POLITICA Il suo pronunciamento contro Berlusconi, in un’intervista con Biagi in prima serata su Raiuno alla vigilia delle elezioni 2001,
è uno dei tre attacchi televisivi che hanno provocato l’ira di Berlusconi (gli altri due sono quelli di Santoro e Luttazzi). Biagi,
Santoro e Luttazzi, dopo le elezioni del 2001, sono stati allontanati dal
video. Benigni ci è invece tornato spesso come ospite, da ultimo anche durante il Rockpolitik di Celentano (2005). Nel 2002 la notizia che sarebbe andato a Sanremo provocò l’annuncio di un lancio di uova da parte di Giuliano Ferrara, rivelatosi poi una
beffa (Ferrara se ne restò nella sua casa in campagna e lanciò sei uova contro il teleschermo durante l’esibizione di Benigni) • «è il classico furbacchione di regime» (Giuliano Ferrara) • «Ognuno di noi è orgoglioso delle sue scelte, anche di nominare il ristorante dove va a
mangiare. Perché devo nascondere la mia parte politica? Io do più fiducia a certi che a certi altri. Che c’è di male?» • «Quando parla di politica dovrebbe citare di più la sinistra, e non solo Fassino, che è il migliore. Quello di Berlusconi rimane un problema edipico. Vuole essere
ecumenico piuttosto che trattare male. è un genio del marketing. è l’uomo meno politico del mondo. Ha preso per i fondelli la sinistra da vent’anni, baciando e abbracciando i D’Alema di turno, ma come tutti i veri artisti è egoista di fondo, settario. Una cattiveria di segno positivo, per me» (Barbareschi)
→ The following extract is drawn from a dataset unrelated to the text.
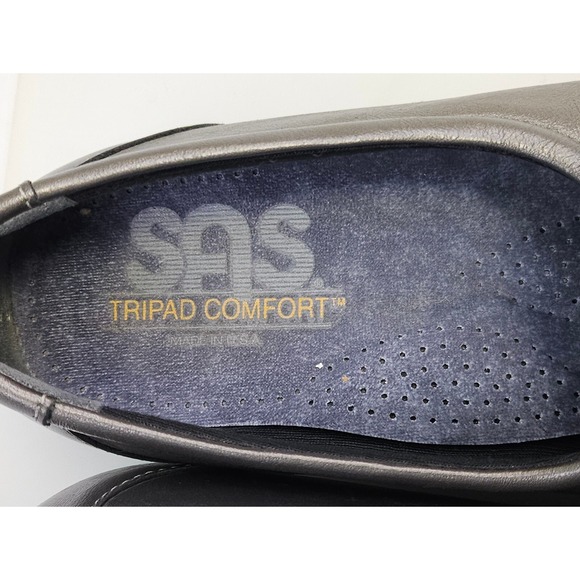 SAS Tripad Comfort Slip On Shoes Loafers Leather Upper Womens Size 5.5W *Read* - Picture 9 of 12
• «Non sono mai stato in un partito. La vera impronta me l’hanno data i vecchi partigiani, nel paese e a casa. Per me erano eroi omerici.
Non si voleva l’uguaglianza. Si voleva solo un po’ meno disuguaglianza. Mi ricordo ancora che una volta, nel mio paese, il Pci
prese il 53 per cento dei voti. Ed ecco tutti a dire: compagni, siamo troppi!
Comunque non sono mai andato a una dimostrazione o una riunione di partito» • «è dovere del comico attaccare il governo. Ma non è dovere del governo attaccare i comici» • «In Italia basta che io dica: Silvio Berlusconi! e tutti scoppiano a ridere. Già il nome di Berlusconi preannuncia un clown».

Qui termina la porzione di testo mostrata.